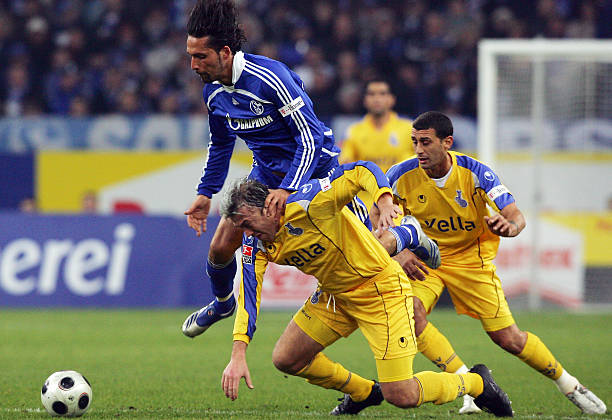 顶级球员在 顶级球员在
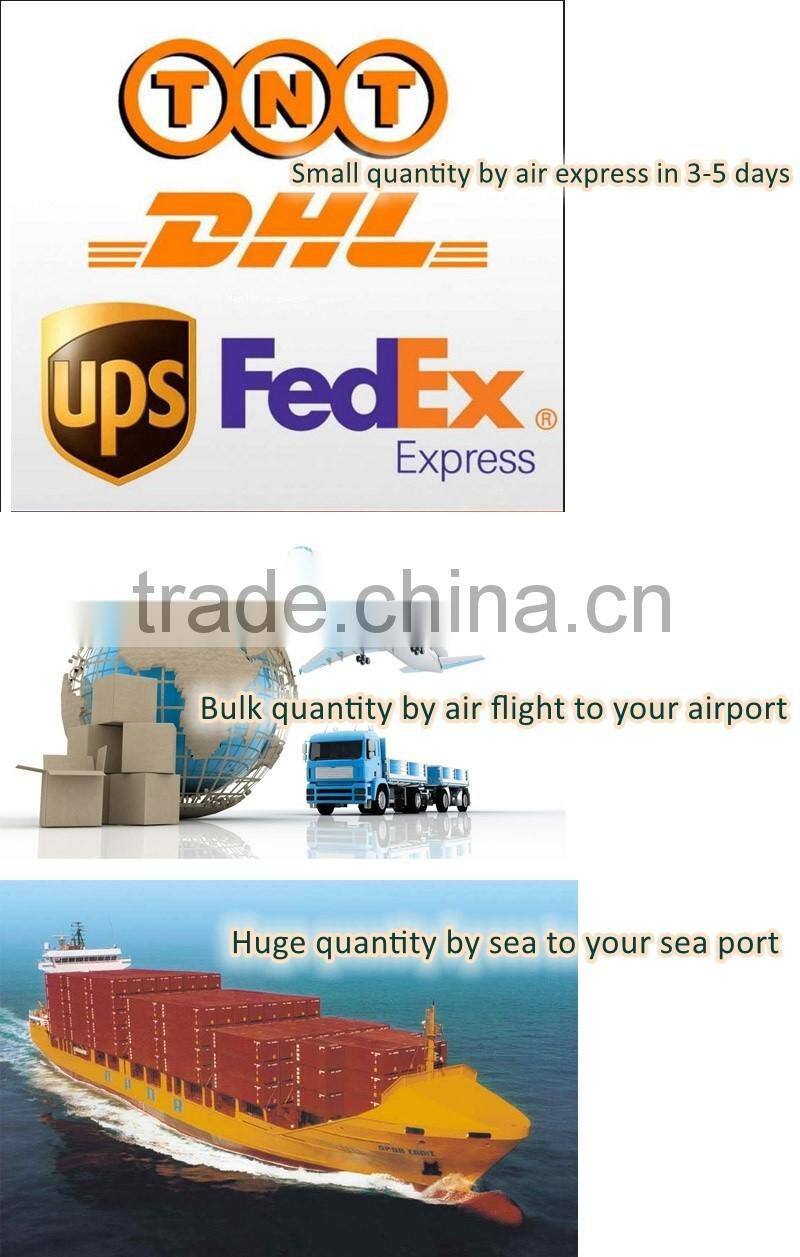 Within Tf Card Bluetooth Speaker With Led Light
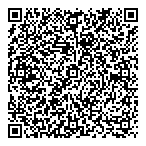 QR код "Автотехцентр"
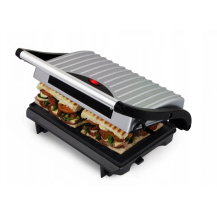 Grill Esperanza EKG005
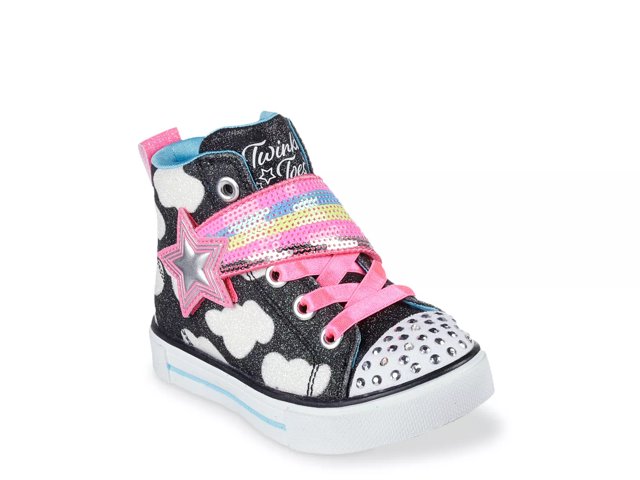 Twinkle shoes store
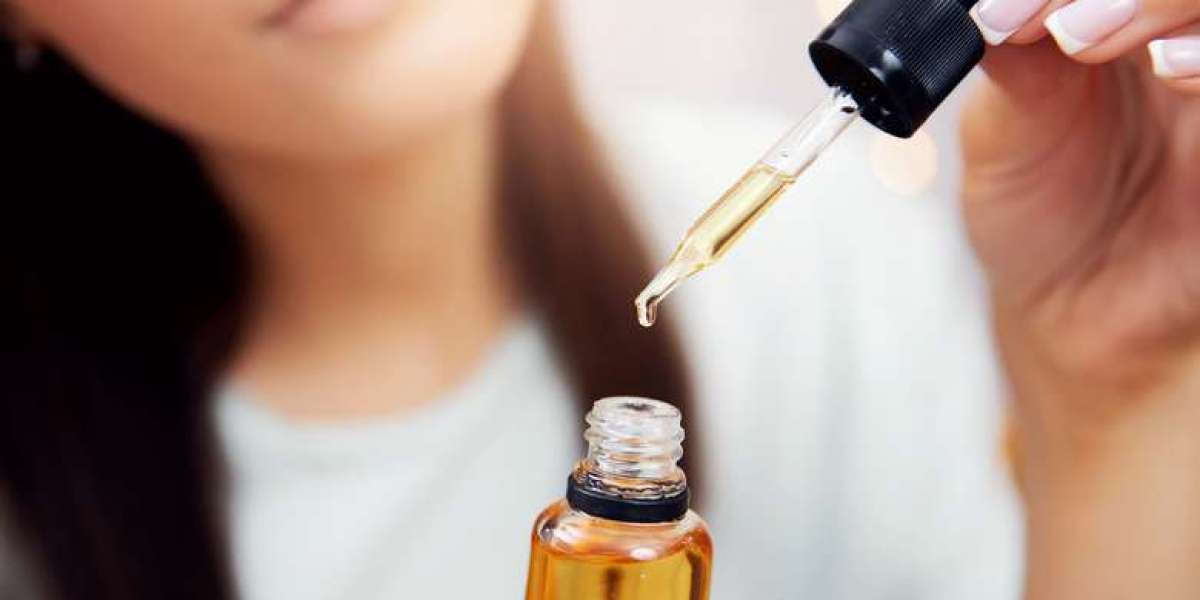 The Comprehensive Guide to Castor Oil Benefits for Skin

○ ○ ○ ○ ○

● Exercise objective
Every line of the records above must reappear exactly, though the pictures must not.

● Task response
 顶级球员在 顶级球员在
 Within Tf Card Bluetooth Speaker With Led Light
 QR код "Автотехцентр"
 Grill Esperanza EKG005
 Twinkle shoes store
 The Comprehensive Guide to Castor Oil Benefits for Skin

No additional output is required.